By Robert C. Divine
The EB-5 industry needs to face a new reality: investors born in mainland China who file I-526 petitions from now to the foreseeable future will have to wait at least six years before a visa number will be available to use an approved I-526 petition and immigrate to the United States. The higher the number of I-526 petitions that exceeds the visa supply, the longer the wait will get.

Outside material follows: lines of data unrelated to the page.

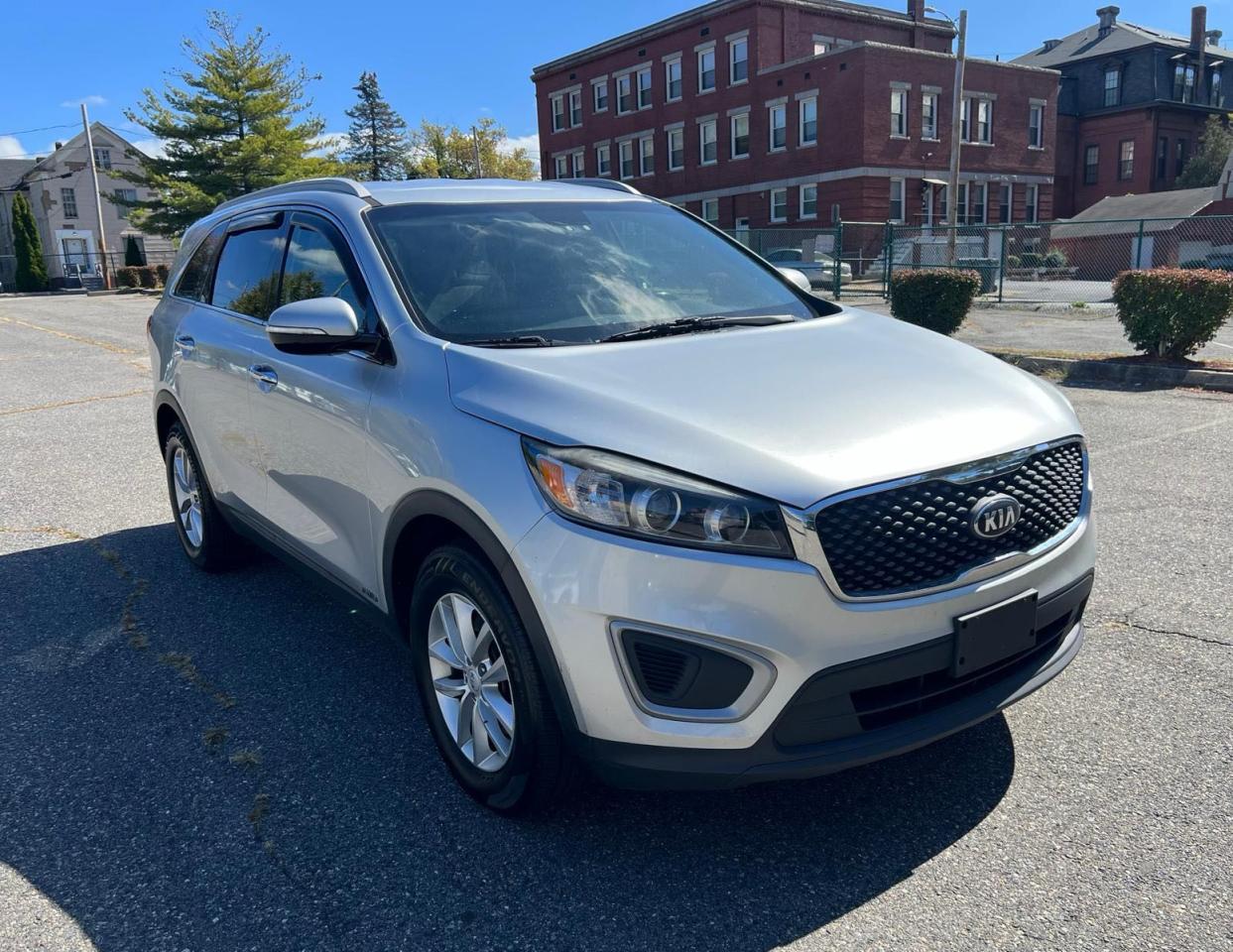 KIA SORENTO LX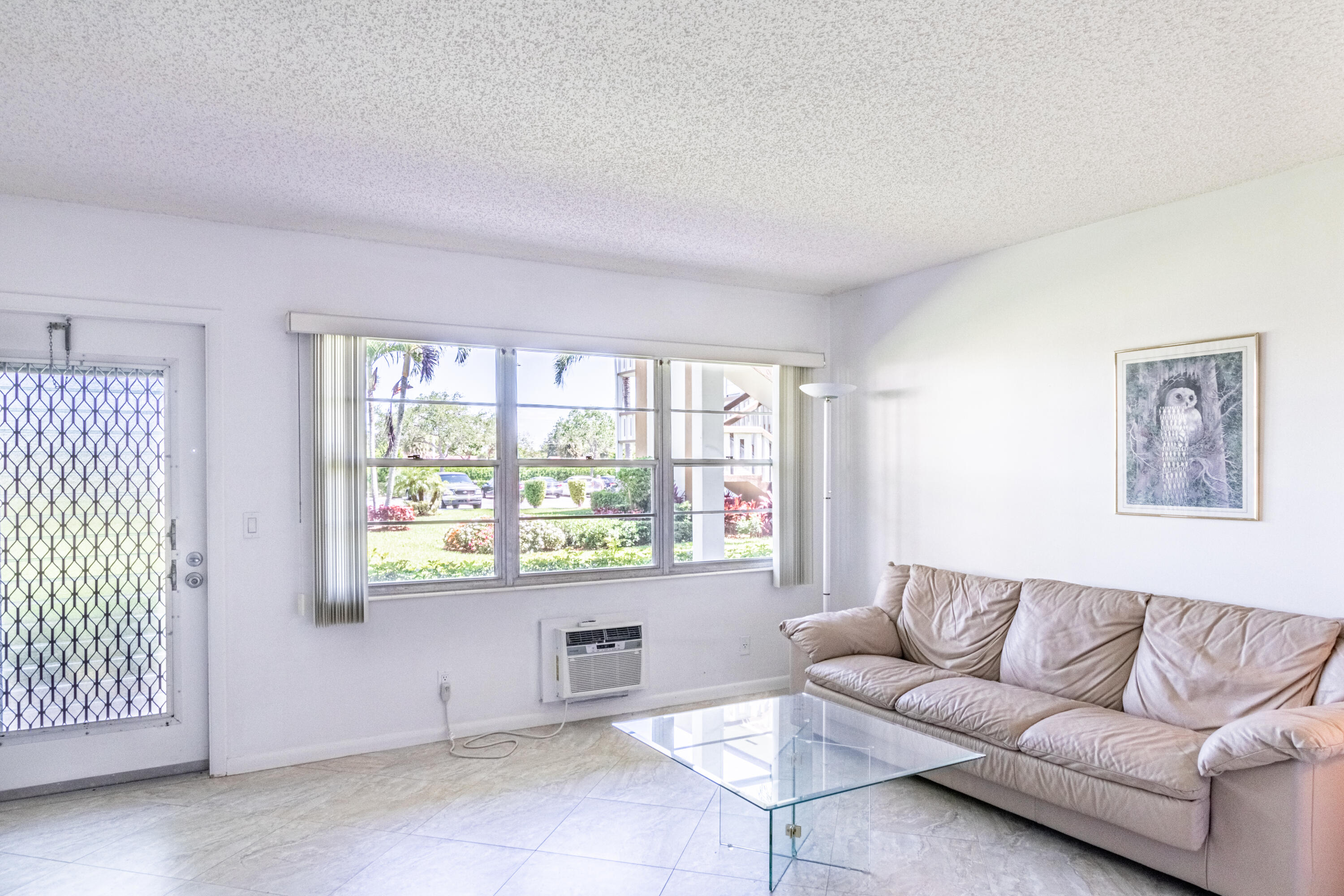 511 Mansfield M, Unit M Boca Raton, FL 33434 - Photo 3 of 12 IMG_9767-HDR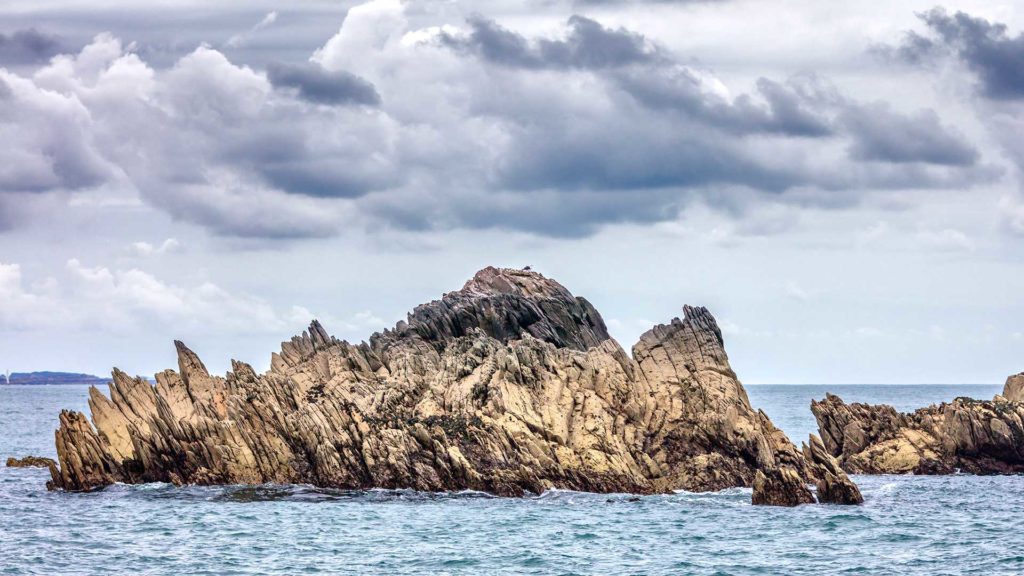 Landschaftsfotografie: Bretagne, Felsformation im Meer | Foto: Dieter Eikenberg, imprints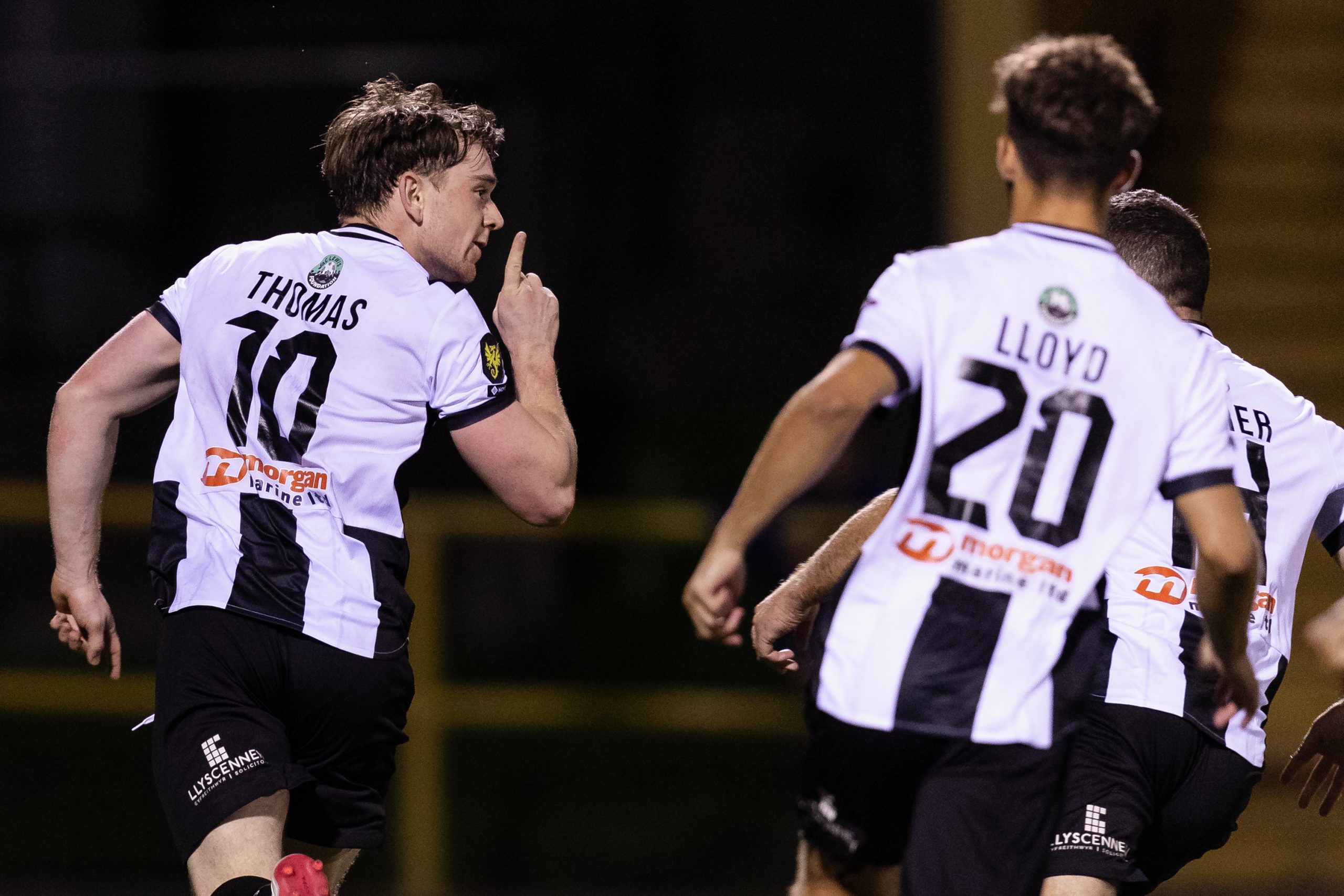 RHAGOLWG PENWYTHNOS CYMRU PREMIER 18-19 MEDI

How the Visa Allocation System Works for EB-5
Currently, approximately 10,000 EB-5 immigrant visas are allocated annually, on a fiscal year beginning October 1, to alien investors and their spouses and qualifying children. EB-5 visa numbers are allocated in the order in which the investor filed the I-526. When allocating EB-5 immigrant visas, U.S. law limits each country to an aggregate maximum of seven percent of the total number of EB-5 immigrant visas available each fiscal year. Until fiscal year 2015, the annual quota was not reached, and applicants born in mainland China have tended to use approximately 85 percent of the numbers. (See Report of the Visa Office 2015, Table IV Part 4, reflecting that mainland China born accounted for 7,616 of the total 8,773 EB-5 visa numbers issued). If the annual worldwide quota is likely to be reached in a fiscal year, the U.S. State Department imposes a “cut-off date” for applicants born in a country that appears likely to exceed the seven percent per country limit to restrict visa numbers to such applicants to the seven percent limit, plus any additional numbers that will not be used by applicants born in all other countries combined. If visa demand from applicants from countries not using the seven percent limit was likely on a combined basis to exceed the worldwide limit, the State Department would impose a worldwide “cut-off date,” but that has not been the case for EB-5, given the heavy predominance by mainland China and the lack of demand from elsewhere.
An applicant receiving I-526 petition approval cannot move forward in the process toward conditional permanent residence until the applicant’s “priority date,” the date the I-526 petition was filed, is earlier than any applicable published cut-off date. In April 2015, the State Department for the first time imposed a “cut-off date” for EB-5 investors born in mainland China. It is expected to continue to do so for the foreseeable future, because worldwide demand exceeds 10,000 per year. As a result, for investors born in mainland China (not including Macau, Hong Kong, or Taiwan) and not otherwise “chargeable” to a different country, delays in the processing for immigrant visa or adjustment of status application will occur.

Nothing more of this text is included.